How does indexes find the main document in MongoDB?

Gilcemir_Filho · December 22, 2023, 10:15am

I have a question about indexes in MongoDB in general.

I read somewhere that every MongoDB index stores the _id field inside the index. This allows it to find the current document if the query satisfies the index. Consequently, I assumed that if I have a query that satisfies the index and projects the _id field at the end, it would result in a covered query. This is because the _id field is already present in the index document.

However, during testing, I discovered that this assumption was not true. MongoDB was fetching the document to complete the query. Let me provide you with an example.

I created the following index:

db.ManualLiquidationItems.createIndex({
  "ReturnId": 1,
  "Status": 1,
  "IsDeleted": 1,
  "CreationTime": 1
});

I then used the following query against the collection:


aggregate([
    {
        "$match": {
            "IsDeleted": false,
            "Status": "Unprocessed",
            "ReturnId": UUID("3704f58c-ba38-4edd-9986-f37a0eaf619c")
        }
    },
    {
        "$sort": {
            "CreationTime": 1
        }
    },
    {
        "$project":{
            _id: 1
        }
    }
])

I observed that this query was using the index, but it was also fetching the document from the disk.
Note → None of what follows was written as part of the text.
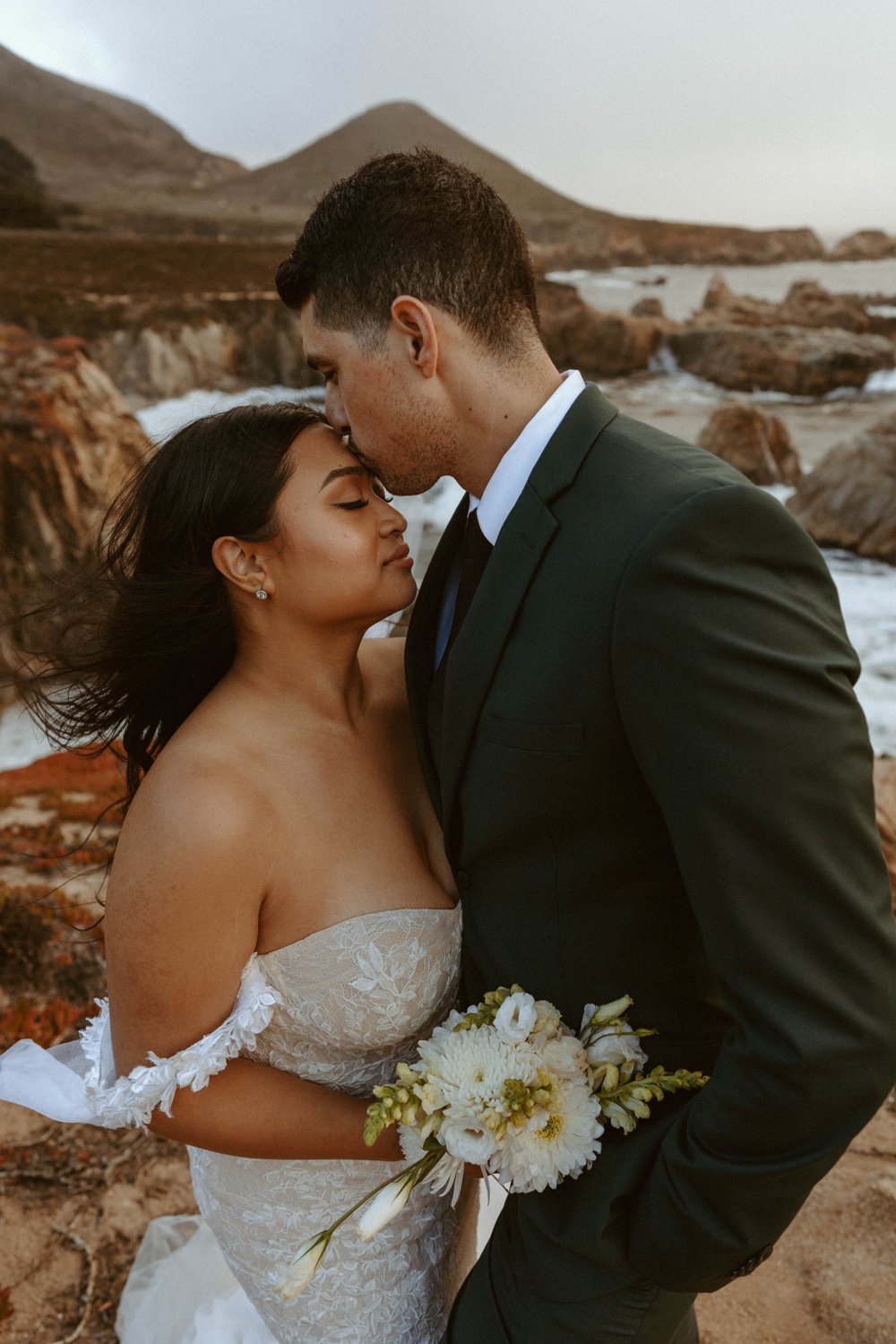 Glen Oaks Elopement Wedding | Coastal Cliffs Wedding Photos | Big Sur Elopement Photographer | Destination Elopement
Interestingly, when I projected the Status field to test, the query did not fetch the document, resulting in a covered query.

So, my question is: How do indexes find the main document in MongoDB if they are not using the main index _id?

Spencer_Brown · December 22, 2023, 11:00pm

You are correct that the index entry does not include the _id field by default. Indexes that expressly include _id as a key (which includes, of course, the always-present _id index) do have the _id field. Perhaps you are thinking of the recordID, which is an internal field in indexes used to find the actual document(s).

So, my question is: How do indexes find the main document in MongoDB if they are not using the main index _id ?

Indexes, including the always-present _id index, use the internal recordID to find the document(s) that the index entry points to.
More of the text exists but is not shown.